Yeni Ufuklar Kasım 2018 | Page 9

7

Önemli Doğa Alanları (ÖDA’lar), küresel ölçekte biyolojik çeşitliliğin sürdürülebilirliği için önemli ölçüde katkı sunan alanlar. Tatlı su türleri için en büyük tehditlerden biri yaşam alanlarının bozulması veya tamamıyla yok olması ve Türkiye de bu konuda bir istisna değil. Son bulgular Türkiye’de geçen 60 yıl içinde toplamda Marmara Denizi’nin bir buçuk katı büyüklüğünde sulak alanın kaybedilmiş olduğunu gösteriyor.

Dünyanın birçok yerinde bulunan ve henüz envanter çalışmaları devam eden olan Önemli Tatlı su Alanları (ÖTA), doğa korumacılar ve karar vericilerin tatlı su biyolojik çeşitliliğini, planlama sürecinde göz önünde bulundurmalarını sağlayarak tatlı su yaşam alanlarının ve bu alanlarda yaşayan canlı türlerinin nesillerinin yok olmasını önlemek için fırsat yaratıyor. Türkiye’de, küresel ölçekte kriterler kullanılarak tanımlanmış 38 ÖTA bulunuyor. Bu çalışma, söz konusu alanlarda var olan toplamda 84 tür tatlı su balığı ve 33 tür yumuşakça (salyangoz ve midye) üzerine temellendiriliyor.

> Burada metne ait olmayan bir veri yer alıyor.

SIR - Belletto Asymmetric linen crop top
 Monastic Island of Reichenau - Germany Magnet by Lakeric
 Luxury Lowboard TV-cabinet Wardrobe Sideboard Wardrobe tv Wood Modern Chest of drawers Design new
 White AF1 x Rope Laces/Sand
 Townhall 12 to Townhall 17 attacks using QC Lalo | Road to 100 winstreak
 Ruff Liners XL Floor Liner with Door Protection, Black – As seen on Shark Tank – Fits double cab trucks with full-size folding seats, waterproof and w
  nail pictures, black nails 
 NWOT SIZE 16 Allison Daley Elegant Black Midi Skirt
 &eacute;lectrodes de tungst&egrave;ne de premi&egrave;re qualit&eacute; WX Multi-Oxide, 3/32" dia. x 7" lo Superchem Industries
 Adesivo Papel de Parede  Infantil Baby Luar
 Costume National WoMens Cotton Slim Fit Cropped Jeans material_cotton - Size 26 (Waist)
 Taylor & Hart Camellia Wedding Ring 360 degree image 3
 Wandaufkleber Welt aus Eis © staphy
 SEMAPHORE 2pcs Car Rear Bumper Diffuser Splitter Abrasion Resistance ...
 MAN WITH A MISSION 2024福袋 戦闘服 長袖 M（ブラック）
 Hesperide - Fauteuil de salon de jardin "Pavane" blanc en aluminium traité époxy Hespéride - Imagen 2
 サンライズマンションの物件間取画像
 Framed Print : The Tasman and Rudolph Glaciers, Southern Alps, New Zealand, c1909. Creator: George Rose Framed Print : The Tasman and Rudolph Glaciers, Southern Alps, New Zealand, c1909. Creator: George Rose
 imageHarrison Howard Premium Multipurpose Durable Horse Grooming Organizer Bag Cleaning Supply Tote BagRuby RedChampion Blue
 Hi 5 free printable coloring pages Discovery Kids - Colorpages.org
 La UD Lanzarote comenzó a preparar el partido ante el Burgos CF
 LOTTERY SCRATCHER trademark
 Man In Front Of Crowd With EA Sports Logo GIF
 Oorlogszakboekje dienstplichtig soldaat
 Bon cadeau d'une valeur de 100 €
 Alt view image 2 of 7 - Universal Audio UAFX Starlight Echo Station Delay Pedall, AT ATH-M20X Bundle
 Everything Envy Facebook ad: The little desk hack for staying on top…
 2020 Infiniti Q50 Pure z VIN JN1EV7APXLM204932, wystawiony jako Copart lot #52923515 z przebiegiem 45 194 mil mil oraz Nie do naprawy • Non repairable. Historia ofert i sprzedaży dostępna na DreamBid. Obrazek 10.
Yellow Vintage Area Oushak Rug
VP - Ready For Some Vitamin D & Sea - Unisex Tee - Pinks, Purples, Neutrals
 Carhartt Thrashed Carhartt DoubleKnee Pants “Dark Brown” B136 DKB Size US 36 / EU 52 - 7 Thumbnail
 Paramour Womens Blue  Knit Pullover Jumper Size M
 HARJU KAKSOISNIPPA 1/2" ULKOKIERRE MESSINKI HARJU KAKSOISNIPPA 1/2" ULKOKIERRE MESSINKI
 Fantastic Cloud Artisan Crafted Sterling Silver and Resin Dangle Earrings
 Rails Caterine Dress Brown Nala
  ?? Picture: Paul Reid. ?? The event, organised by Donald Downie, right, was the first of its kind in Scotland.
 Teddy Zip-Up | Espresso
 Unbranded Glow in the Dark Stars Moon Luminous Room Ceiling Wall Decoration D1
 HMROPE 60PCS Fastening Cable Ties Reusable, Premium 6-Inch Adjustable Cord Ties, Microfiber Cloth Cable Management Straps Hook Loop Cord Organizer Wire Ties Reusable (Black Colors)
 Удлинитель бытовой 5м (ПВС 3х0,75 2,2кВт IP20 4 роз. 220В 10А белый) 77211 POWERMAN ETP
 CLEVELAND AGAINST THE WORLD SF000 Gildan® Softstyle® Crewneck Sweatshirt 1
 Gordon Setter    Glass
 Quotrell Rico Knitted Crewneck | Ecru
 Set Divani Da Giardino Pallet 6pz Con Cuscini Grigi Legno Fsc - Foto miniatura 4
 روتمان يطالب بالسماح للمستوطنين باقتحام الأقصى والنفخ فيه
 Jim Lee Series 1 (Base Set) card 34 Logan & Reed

Türkiye’nin alan bakımından ikinci en büyük gölü olan Beyşehir Gölü ve su toplama havzası Beyşehir Gölü ve Havzası ÖTA'sını meydana getiriyor. ÖTA, nesli tehlike altında olan 12 tür tatlı su balığına ev sahipliği yapmakta. Alan, aynı zamanda günümüzde nesli tükenmiş olan bir balık türüne de ev sahipliği yapmış. Doğa koruma uzmanları, harekete geçilmemesi durumunda hayatta kalan 12 balık türünün de aynı şekilde neslinin tükeneceğine inanıyor. Bu türlere yönelik tehditlerin en başında; su seviyesinin ve doğal yaşam alanı kalitesinin azalması, doğal yaşam alanının tahribatı, bilinçsiz su yönetimi, sudak balığı gibi yabancı yırtıcı türlerin alana bırakılması geliyor. Doğa Derneği (Birdlife Türkiye) ve Magma Dergisi işbirliğinde, Küresel Çevre Fonu’nun (GEF) Küçük Destek Programı (SGP) çerçevesinde yaptığı finansal destek ile küresel ölçekte neslinin devamlılığı tehdit altında olan balık türlerinin ve yaşam alanlarının toplum temelli anlayışla koruma altına alınması için harekete geçildi.